Perfection is a myth on Sling, and Clairo is not afraid to lay bare: songs like “Zinnias” and “Partridge” feature sounds and lyrics that refuse to match up with meter, while the mostly-instrumental “Joanie” fully captures the adventurous sonic spirit of the record.
In moments of emptiness, Clairo and Antonoff tend to fill the space with a wash of vocal harmonies, some of which include Lorde’s ethereal high end. On a first listen, the album might sound hushed or downplayed, but there’s a great deal of sonic activity and life within each song, with many orchestral moments echoing Van Morrison’s Astral Weeks and Bon Iver’s Bon Iver. For an artist who began with just a handful of chords and a keyboard, she’s certainly demonstrating her knack for arrangement, composition, and crafting layered, nuanced songs.
Though the album has moments of brightness and clarity, a sense of melancholy is present in each song. When referring to the writing process, Clairo named her dog, Joanie, as a primary influence: “By caring for her, it forced me to face my own thoughts about parenthood and what it would mean to me.” This sentiment is all over Sling, with many songs revolving around family, responsibility, comfort, and the strained relationships that tie these subjects together.

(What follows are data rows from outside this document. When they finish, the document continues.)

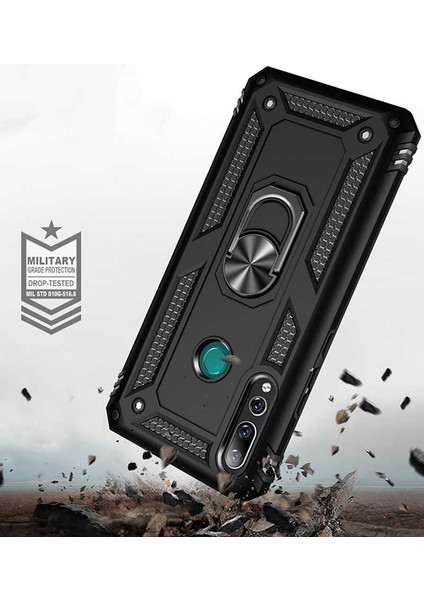 Huawei Y9 Prime 2019 Kılıf Ultra Koruyan Yüzüklü Tank Stand Olan Mıknatıslı Voyotank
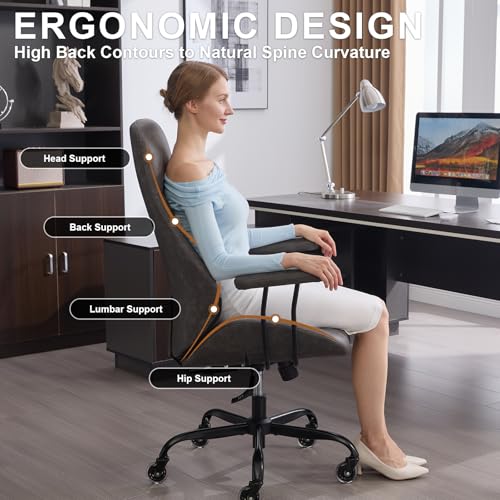 Image of E-Motie Leather Office Chair, Mid Century Modern Desk Chair, Dark Grey | Ergonomic, Lumbar Support, 360 Swivel & Rolling Wheels, Adjustable Height, for Adults & Women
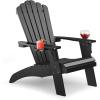 imageUpstreman Home Oversized Adirondack Chair Set of 1 Outdoor Fire Pit Chair with 2 Cup Holders Adirondack Patio Chair Weather Resistant for Outside Porch Lawn Garden A1 Max BlueBlack
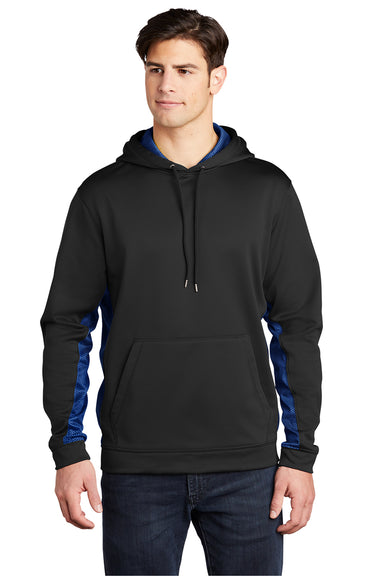 Sport-Tek ST239 Mens Sport-Wick CamoHex Moisture Wicking Fleece Hooded Sweatshirt Hoodie Black/True Royal Blue Model Front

While a sense of comfort is present in the gentle instrumentation and the harmonious imagery that comes to mind, Clairo juxtaposes these sentiments with doubt, fear, and disappointment. She imagines herself waking up “with a baby in a sling” on “Zinnias,” and elaborates on motherhood in the Lorde-assisted “Reaper,” with crushing statements such as, “I keep forgetting I’ll have a family,” and “I can’t fuck it up if it’s not there at all.”
Some tracks have the energy of a lullaby, then contain lyrics like, “Maybe you keep me around for the constant affirmations, while I scrounge for understanding and follow.” Perhaps the most devastating moment of the album comes halfway through with “Blouse,” where she complains “Why do I tell you how I feel, when you’re just looking down my blouse?” It’s a song that features images of domesticity and family, built solely from a peaceful acoustic guitar, and yet, she’s expressing a feeling of violation.

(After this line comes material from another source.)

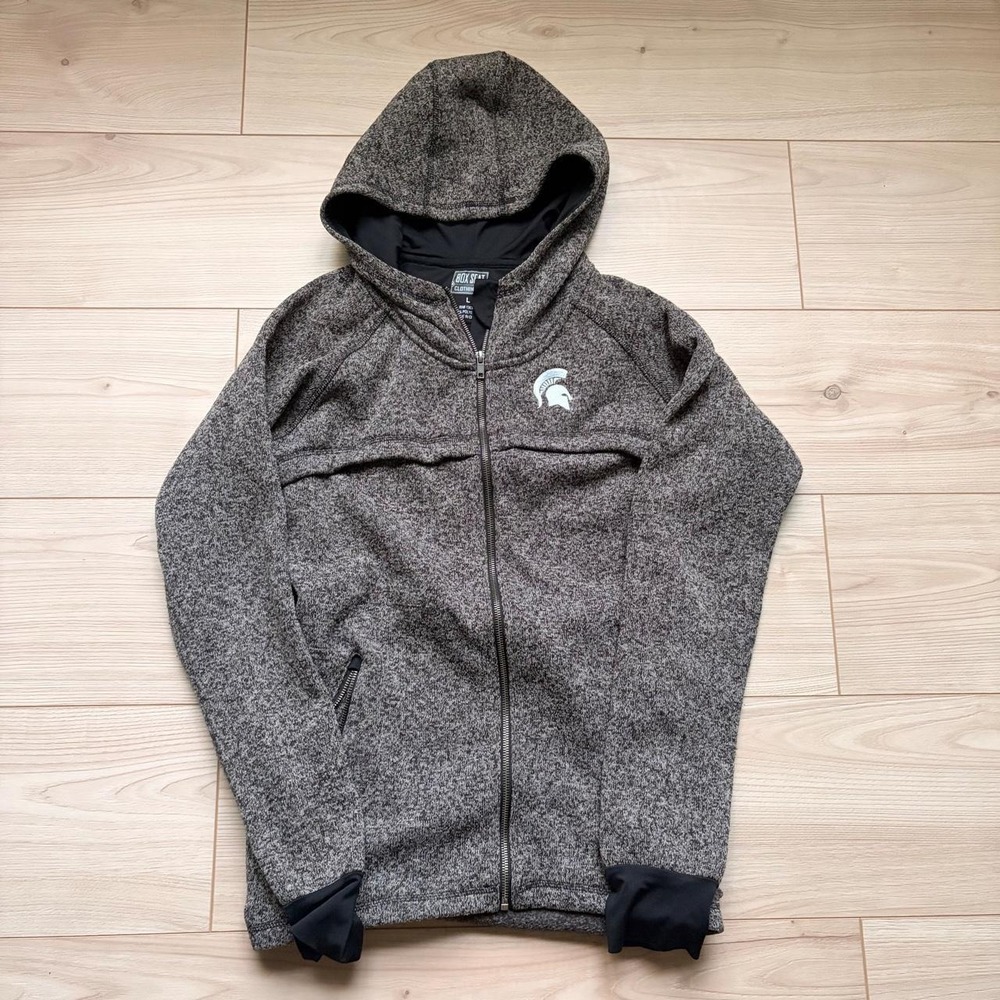 Box Seat Michigan State University MSU Spartans Zip Up Hoodie Sweater Mens Large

Throughout the album, Clairo wrestles with the tension of late adolescence and early adulthood, torn between the past and the future and reckoning with the cost of what she wants. By the end of the record, she’s reached the turning point — “The Little Changes” and “Management” see Clairo looking back all-the-wiser, with the latter bringing the album to a jubilant and cinematic climax.
Sling may not have the pop-centered style of Immunity, but it’s one that features Clairo’s impeccable ability to craft intimate, emotive songs. It’s a record that’s musically indebted to the past, but it’s done so in an adventurous, fascinating way. Throughout, she debates making the choice to move forward, or to sit in the moment and think and reflect — and what better way to address the responsibilities of adulthood than that very tension?

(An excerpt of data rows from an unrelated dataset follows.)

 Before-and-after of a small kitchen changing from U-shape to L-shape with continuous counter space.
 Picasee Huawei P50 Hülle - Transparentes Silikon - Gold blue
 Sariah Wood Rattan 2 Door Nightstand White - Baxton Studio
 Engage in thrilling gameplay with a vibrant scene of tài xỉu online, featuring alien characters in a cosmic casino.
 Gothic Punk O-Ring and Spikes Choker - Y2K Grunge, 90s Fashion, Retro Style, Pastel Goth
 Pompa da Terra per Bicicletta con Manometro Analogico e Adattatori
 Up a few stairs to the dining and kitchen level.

At the end of the album, on “The Little Changes,” she reflects on the loss of a relationship, but admits that “for the first time, it feels good/ good to fall between the ones I loved and the ones that faded.” It’s a statement of acceptance, and it’s one that encapsulates the brilliance of Sling. Sometimes, instead of choosing between staying or going, it’s better to let yourself fall between.